RECORDS TO USE START

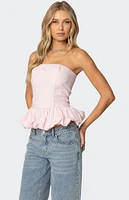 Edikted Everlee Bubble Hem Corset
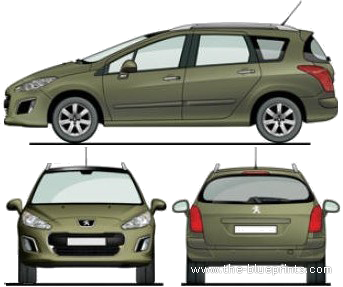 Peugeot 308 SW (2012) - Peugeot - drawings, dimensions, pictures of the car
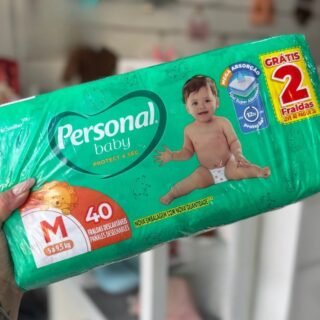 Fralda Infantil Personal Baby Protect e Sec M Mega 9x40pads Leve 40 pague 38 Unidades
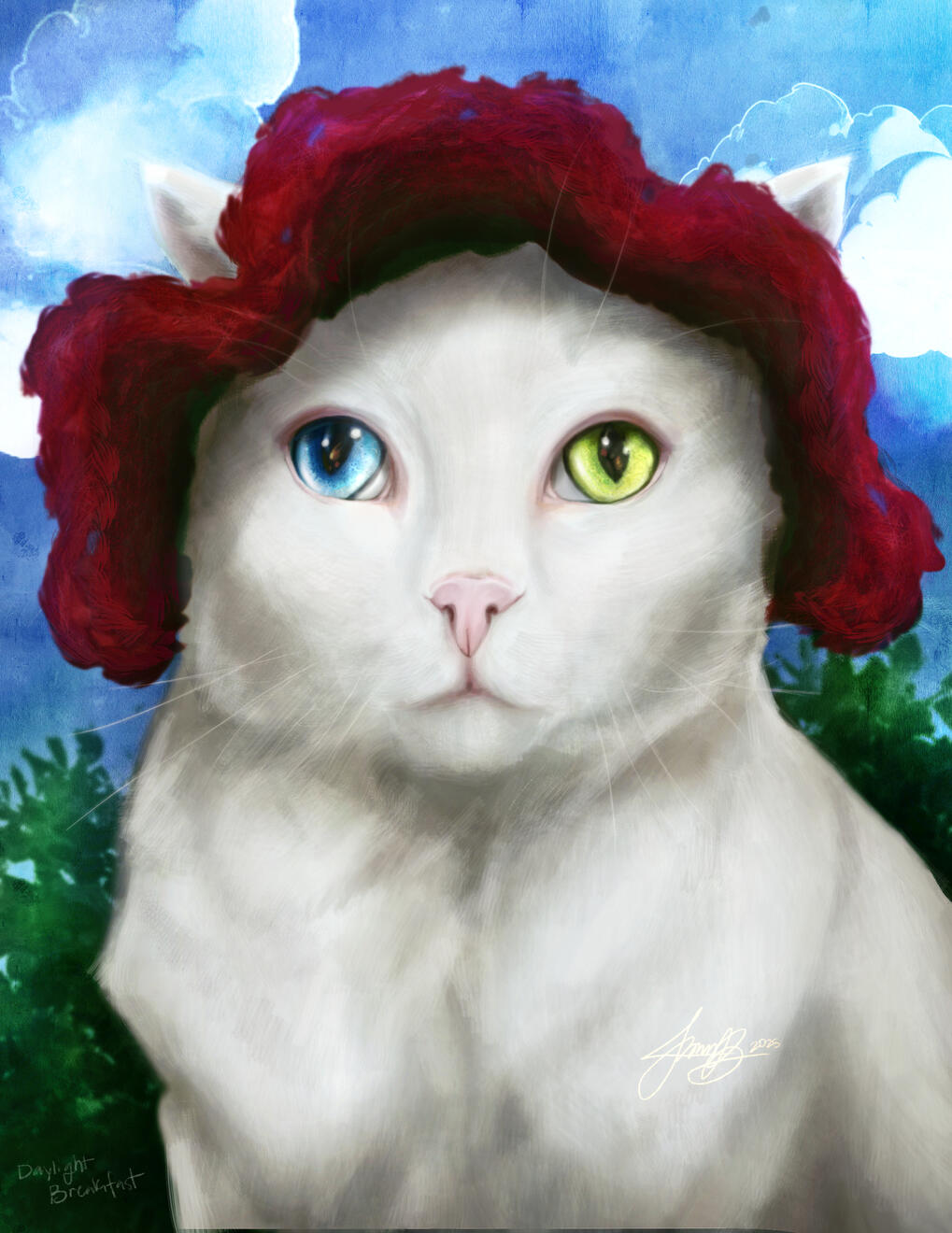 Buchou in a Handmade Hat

RECORDS TO USE END
RECORDS TO USE START

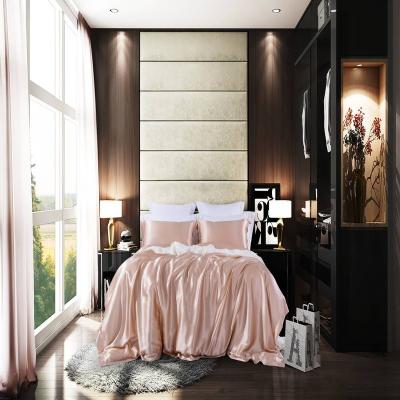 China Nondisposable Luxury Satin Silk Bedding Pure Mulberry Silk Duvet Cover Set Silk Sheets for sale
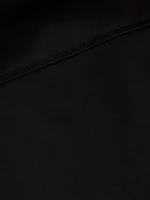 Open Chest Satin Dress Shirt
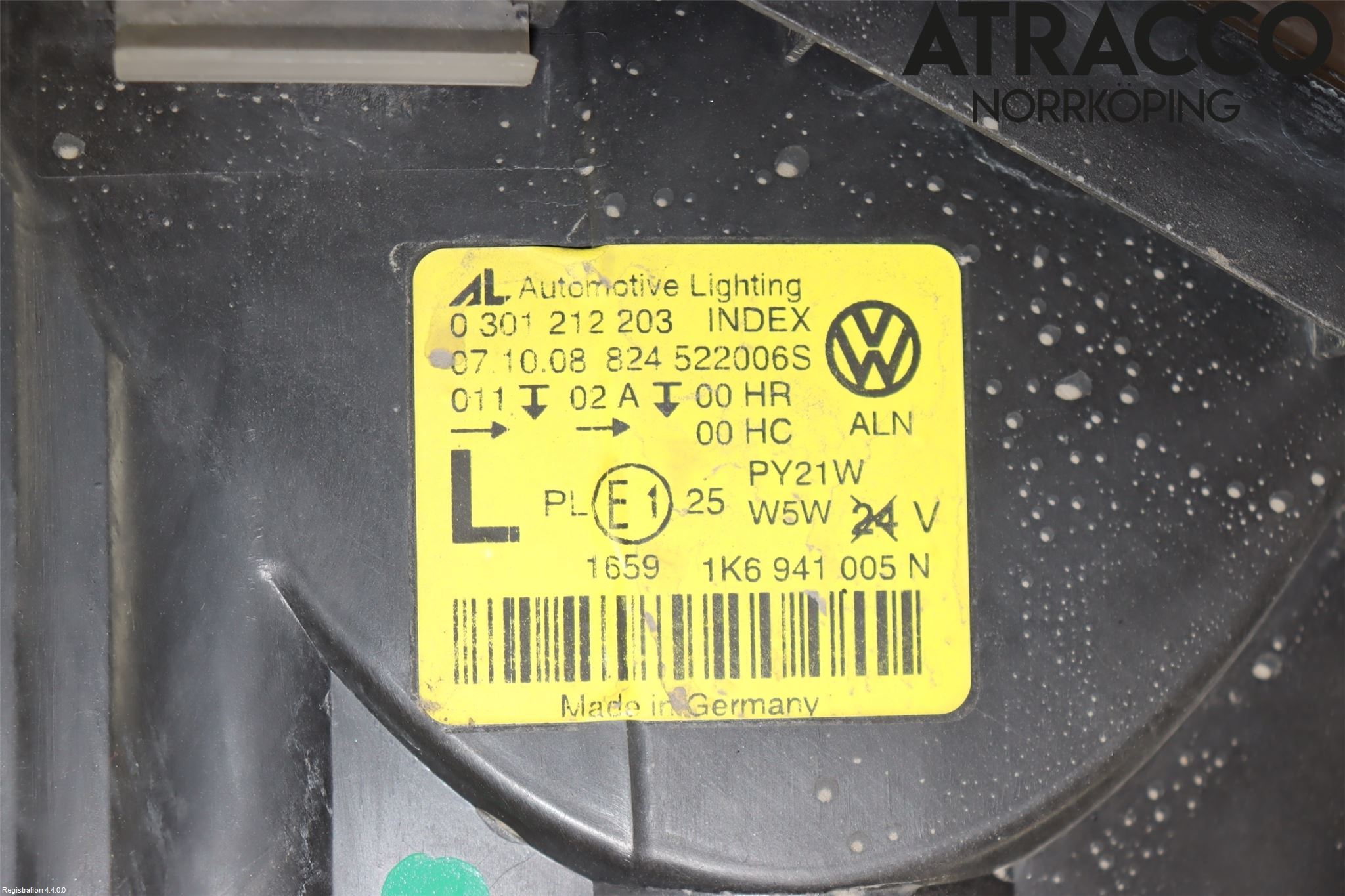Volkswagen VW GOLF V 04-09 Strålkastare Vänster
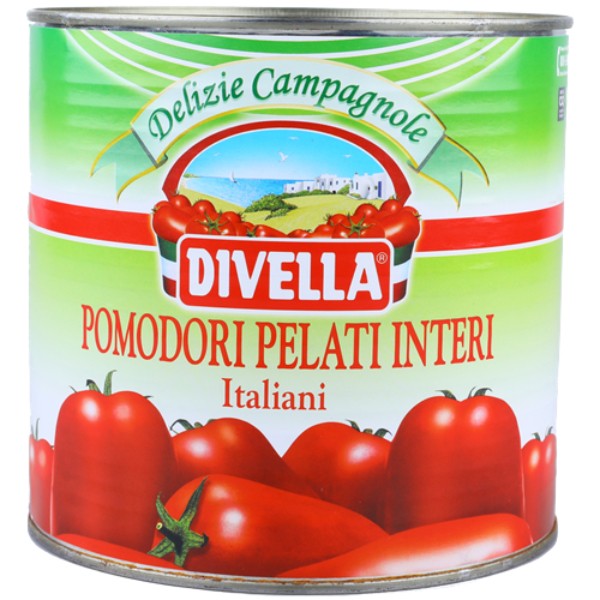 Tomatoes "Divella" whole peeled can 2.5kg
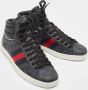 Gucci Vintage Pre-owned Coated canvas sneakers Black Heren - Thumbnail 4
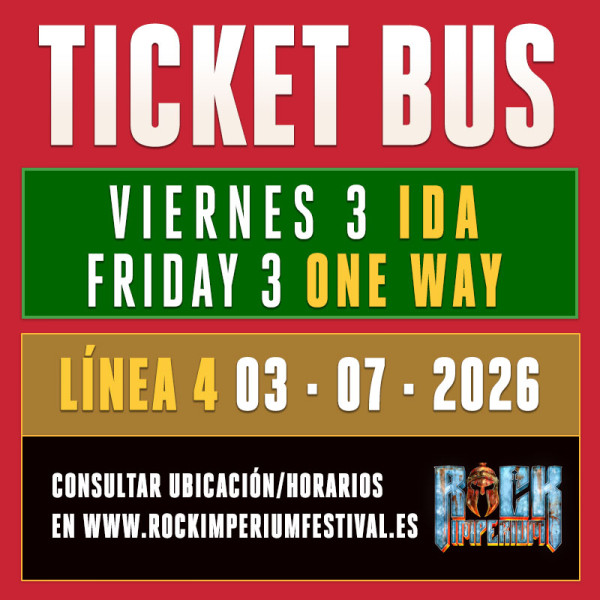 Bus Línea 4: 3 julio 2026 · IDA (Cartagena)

RECORDS TO USE END
RECORDS TO USE START

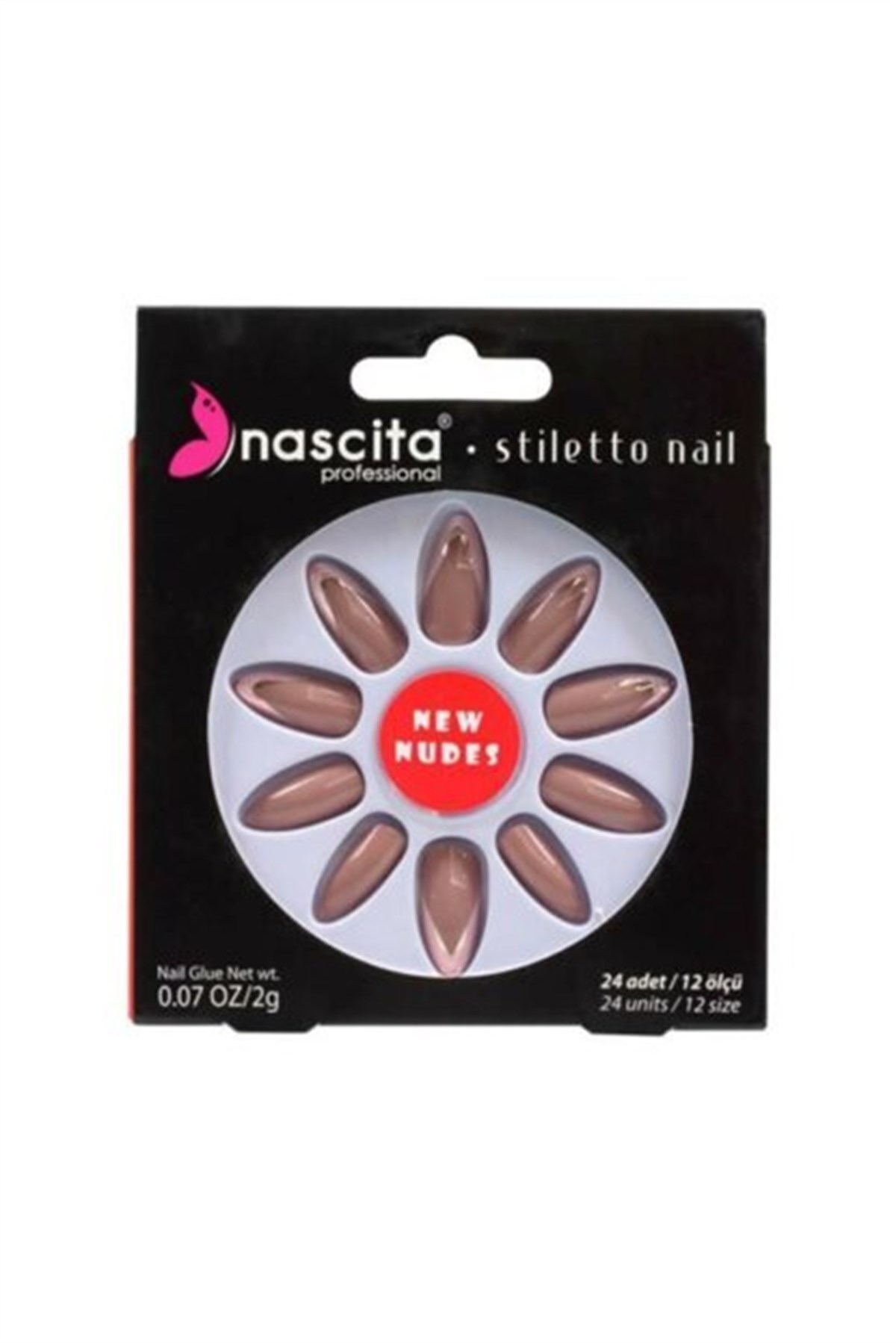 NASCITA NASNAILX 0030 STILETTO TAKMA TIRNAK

RECORDS TO USE END

EXERCISE INSTRUCTIONS
Transcribe only this stretch of the data: the line with "Gucci Vintage Pre-owned", the line with "Bus Línea 4: 3 julio 2026 · IDA (Cartagena)", and every line in between. Leave out the pictures.

WRITTEN SOLUTION
 Gucci Vintage Pre-owned Coated canvas sneakers Black Heren - Thumbnail 4
 Bus Línea 4: 3 julio 2026 · IDA (Cartagena)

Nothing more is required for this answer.